● **Exercise instructions**: Copy out the data word for word. The images are not part of the copy.

● **Data section**:
________________________________________

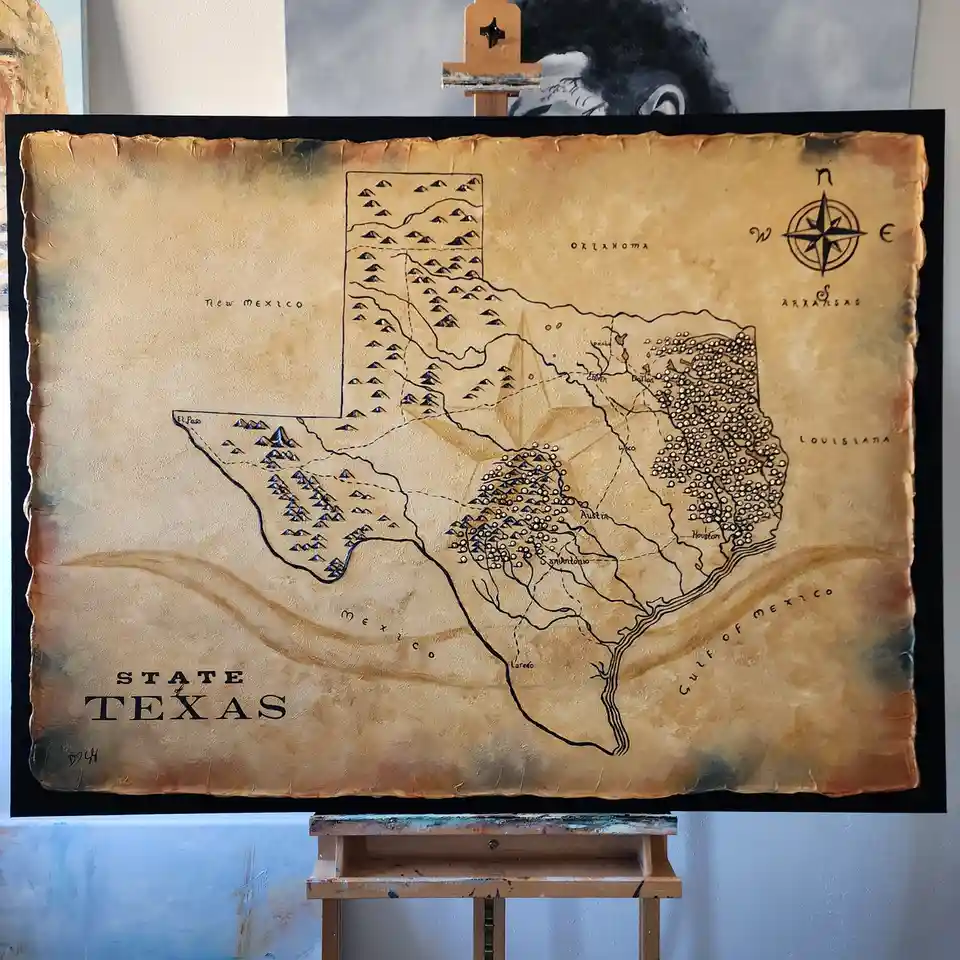 A textured, vintage-style map of Texas on canvas, displayed on an easel, shows the state's outline with mountains, rivers…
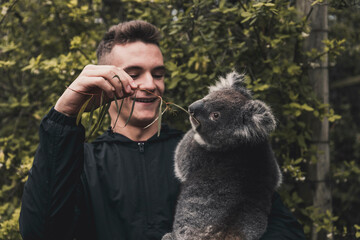 Homme portant un koala © adrien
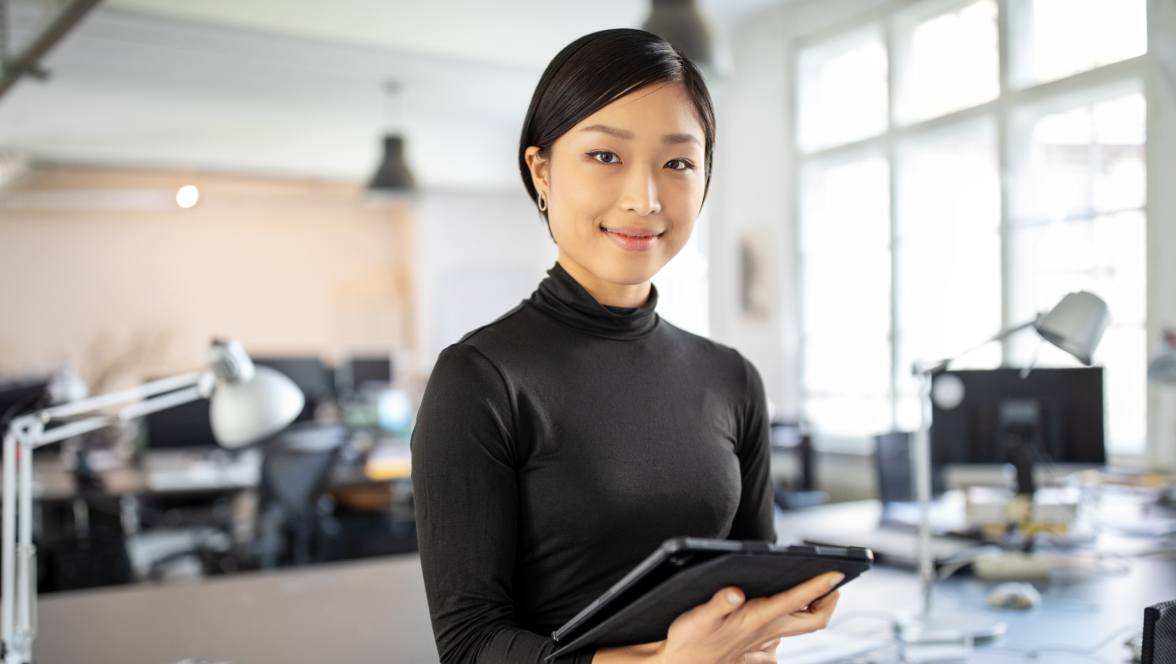 Une personne tient un iPad et pose pour l’appareil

________________________________________

● **Output of the task**:
 A textured, vintage-style map of Texas on canvas, displayed on an easel, shows the state's outline with mountains, rivers…
 Homme portant un koala © adrien
 Une personne tient un iPad et pose pour l’appareil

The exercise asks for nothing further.